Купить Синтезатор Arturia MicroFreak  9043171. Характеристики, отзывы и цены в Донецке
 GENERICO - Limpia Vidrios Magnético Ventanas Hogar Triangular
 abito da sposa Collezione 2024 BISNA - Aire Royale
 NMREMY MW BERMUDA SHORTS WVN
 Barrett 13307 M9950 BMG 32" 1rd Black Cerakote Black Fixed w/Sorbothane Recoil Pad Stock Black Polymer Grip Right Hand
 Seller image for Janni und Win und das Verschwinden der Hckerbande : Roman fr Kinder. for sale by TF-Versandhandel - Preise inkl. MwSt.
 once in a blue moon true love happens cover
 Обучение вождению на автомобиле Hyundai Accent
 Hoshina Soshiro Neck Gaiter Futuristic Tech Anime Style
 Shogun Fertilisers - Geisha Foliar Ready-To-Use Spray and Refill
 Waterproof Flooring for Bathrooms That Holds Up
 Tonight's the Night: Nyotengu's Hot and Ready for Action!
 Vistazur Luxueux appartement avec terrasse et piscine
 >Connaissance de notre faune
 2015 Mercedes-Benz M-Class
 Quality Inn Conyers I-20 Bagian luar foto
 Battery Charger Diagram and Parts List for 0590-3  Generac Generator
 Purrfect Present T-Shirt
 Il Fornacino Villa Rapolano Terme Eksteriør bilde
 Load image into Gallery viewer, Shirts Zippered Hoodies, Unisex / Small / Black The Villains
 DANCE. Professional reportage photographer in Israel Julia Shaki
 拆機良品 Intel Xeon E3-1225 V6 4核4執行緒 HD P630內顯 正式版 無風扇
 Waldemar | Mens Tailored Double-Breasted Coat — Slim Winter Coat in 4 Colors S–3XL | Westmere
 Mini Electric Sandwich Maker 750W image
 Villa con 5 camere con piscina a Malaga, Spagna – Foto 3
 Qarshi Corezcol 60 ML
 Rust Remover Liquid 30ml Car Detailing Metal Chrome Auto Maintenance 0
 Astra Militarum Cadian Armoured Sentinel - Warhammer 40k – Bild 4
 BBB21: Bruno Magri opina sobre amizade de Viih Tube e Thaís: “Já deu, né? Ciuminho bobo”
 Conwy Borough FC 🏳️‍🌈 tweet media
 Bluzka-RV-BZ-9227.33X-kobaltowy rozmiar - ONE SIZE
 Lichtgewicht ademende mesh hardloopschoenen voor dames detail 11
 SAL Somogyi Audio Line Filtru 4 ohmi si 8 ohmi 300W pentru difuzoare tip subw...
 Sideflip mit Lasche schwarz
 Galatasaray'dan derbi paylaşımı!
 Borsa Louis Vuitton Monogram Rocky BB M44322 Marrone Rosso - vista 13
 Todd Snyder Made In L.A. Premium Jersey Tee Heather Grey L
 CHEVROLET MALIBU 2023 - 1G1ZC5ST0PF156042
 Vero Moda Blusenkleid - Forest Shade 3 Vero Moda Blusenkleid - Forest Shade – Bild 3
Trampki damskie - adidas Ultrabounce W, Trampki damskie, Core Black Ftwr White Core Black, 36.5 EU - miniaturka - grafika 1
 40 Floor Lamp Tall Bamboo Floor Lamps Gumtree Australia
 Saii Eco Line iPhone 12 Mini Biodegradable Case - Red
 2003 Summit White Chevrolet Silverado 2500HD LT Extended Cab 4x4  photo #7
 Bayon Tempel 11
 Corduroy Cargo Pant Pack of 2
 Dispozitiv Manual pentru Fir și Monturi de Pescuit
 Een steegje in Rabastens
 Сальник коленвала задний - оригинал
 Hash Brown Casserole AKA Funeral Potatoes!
# # # #
Scan the listing above for the line that has "Hoshina Soshiro Neck", then copy exactly from that line through the line that has "Load image into".

**EXERCISE ANSWER:**
 Hoshina Soshiro Neck Gaiter Futuristic Tech Anime Style
 Shogun Fertilisers - Geisha Foliar Ready-To-Use Spray and Refill
 Waterproof Flooring for Bathrooms That Holds Up
 Tonight's the Night: Nyotengu's Hot and Ready for Action!
 Vistazur Luxueux appartement avec terrasse et piscine
 >Connaissance de notre faune
 2015 Mercedes-Benz M-Class
 Quality Inn Conyers I-20 Bagian luar foto
 Battery Charger Diagram and Parts List for 0590-3  Generac Generator
 Purrfect Present T-Shirt
 Il Fornacino Villa Rapolano Terme Eksteriør bilde
 Load image into Gallery viewer, Shirts Zippered Hoodies, Unisex / Small / Black The Villains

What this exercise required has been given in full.